» **About this exercise**: Of all the entries below, only the lines from the one with "a kitchen with a" up to and including the one with "3249 North Racine" are to be duplicated exactly.

» **Supplied material**:
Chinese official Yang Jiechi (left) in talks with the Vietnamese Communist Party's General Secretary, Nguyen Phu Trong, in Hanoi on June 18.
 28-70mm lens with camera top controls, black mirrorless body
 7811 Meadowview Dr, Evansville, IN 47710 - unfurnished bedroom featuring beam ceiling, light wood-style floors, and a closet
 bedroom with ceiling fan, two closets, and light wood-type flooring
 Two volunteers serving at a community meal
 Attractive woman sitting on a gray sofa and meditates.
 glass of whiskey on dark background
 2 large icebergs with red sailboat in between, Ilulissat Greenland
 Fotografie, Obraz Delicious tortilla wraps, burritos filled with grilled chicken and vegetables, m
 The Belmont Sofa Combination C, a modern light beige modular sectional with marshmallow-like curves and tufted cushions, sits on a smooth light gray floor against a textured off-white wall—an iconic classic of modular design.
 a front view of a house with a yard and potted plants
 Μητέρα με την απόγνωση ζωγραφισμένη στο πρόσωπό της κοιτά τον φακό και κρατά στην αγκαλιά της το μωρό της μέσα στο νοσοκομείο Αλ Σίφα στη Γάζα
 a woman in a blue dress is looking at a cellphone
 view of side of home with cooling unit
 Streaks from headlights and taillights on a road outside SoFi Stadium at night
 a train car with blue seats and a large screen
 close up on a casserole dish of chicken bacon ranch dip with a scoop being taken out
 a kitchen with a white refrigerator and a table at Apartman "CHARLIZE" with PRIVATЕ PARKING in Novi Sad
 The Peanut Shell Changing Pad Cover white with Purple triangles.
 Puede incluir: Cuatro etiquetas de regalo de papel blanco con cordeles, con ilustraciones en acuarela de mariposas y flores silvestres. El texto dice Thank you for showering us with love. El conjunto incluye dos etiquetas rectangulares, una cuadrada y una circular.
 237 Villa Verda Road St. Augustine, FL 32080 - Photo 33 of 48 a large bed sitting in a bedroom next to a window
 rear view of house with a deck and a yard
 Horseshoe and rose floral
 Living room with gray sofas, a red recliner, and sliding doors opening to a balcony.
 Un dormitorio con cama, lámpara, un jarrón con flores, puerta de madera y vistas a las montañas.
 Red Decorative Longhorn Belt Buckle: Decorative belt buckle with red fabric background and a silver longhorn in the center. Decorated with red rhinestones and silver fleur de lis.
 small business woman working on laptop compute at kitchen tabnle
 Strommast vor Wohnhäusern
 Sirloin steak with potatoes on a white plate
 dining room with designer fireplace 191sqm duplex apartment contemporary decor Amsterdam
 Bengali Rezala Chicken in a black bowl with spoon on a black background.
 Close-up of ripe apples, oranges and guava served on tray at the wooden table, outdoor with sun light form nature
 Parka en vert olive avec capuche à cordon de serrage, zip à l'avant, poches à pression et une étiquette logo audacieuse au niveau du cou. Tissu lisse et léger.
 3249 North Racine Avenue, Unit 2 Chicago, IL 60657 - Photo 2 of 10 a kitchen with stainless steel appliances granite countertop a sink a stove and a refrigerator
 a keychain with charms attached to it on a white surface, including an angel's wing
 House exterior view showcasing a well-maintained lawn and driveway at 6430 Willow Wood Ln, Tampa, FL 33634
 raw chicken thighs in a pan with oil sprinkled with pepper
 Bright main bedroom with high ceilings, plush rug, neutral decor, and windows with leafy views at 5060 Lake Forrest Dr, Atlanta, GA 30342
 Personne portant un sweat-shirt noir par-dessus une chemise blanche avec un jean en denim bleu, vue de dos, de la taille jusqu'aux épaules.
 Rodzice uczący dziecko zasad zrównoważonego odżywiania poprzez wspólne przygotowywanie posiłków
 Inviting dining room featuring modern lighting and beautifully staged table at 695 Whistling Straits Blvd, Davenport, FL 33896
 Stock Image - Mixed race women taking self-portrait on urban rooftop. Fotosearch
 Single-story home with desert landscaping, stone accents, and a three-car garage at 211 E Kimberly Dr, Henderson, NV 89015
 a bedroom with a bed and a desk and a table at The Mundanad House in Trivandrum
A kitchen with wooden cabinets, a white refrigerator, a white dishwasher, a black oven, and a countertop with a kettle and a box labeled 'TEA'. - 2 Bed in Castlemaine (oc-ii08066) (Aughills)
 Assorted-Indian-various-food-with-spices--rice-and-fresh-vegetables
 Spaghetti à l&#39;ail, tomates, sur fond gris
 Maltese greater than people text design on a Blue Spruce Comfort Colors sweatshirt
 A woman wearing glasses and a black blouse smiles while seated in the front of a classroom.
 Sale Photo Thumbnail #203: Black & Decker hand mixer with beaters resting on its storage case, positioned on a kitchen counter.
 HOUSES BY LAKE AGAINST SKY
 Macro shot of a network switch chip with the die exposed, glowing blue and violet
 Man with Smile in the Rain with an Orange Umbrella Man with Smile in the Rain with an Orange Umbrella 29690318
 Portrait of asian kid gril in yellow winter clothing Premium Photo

» **Result for this task**:
 a kitchen with a white refrigerator and a table at Apartman "CHARLIZE" with PRIVATЕ PARKING in Novi Sad
 The Peanut Shell Changing Pad Cover white with Purple triangles.
 Puede incluir: Cuatro etiquetas de regalo de papel blanco con cordeles, con ilustraciones en acuarela de mariposas y flores silvestres. El texto dice Thank you for showering us with love. El conjunto incluye dos etiquetas rectangulares, una cuadrada y una circular.
 237 Villa Verda Road St. Augustine, FL 32080 - Photo 33 of 48 a large bed sitting in a bedroom next to a window
 rear view of house with a deck and a yard
 Horseshoe and rose floral
 Living room with gray sofas, a red recliner, and sliding doors opening to a balcony.
 Un dormitorio con cama, lámpara, un jarrón con flores, puerta de madera y vistas a las montañas.
 Red Decorative Longhorn Belt Buckle: Decorative belt buckle with red fabric background and a silver longhorn in the center. Decorated with red rhinestones and silver fleur de lis.
 small business woman working on laptop compute at kitchen tabnle
 Strommast vor Wohnhäusern
 Sirloin steak with potatoes on a white plate
 dining room with designer fireplace 191sqm duplex apartment contemporary decor Amsterdam
 Bengali Rezala Chicken in a black bowl with spoon on a black background.
 Close-up of ripe apples, oranges and guava served on tray at the wooden table, outdoor with sun light form nature
 Parka en vert olive avec capuche à cordon de serrage, zip à l'avant, poches à pression et une étiquette logo audacieuse au niveau du cou. Tissu lisse et léger.
 3249 North Racine Avenue, Unit 2 Chicago, IL 60657 - Photo 2 of 10 a kitchen with stainless steel appliances granite countertop a sink a stove and a refrigerator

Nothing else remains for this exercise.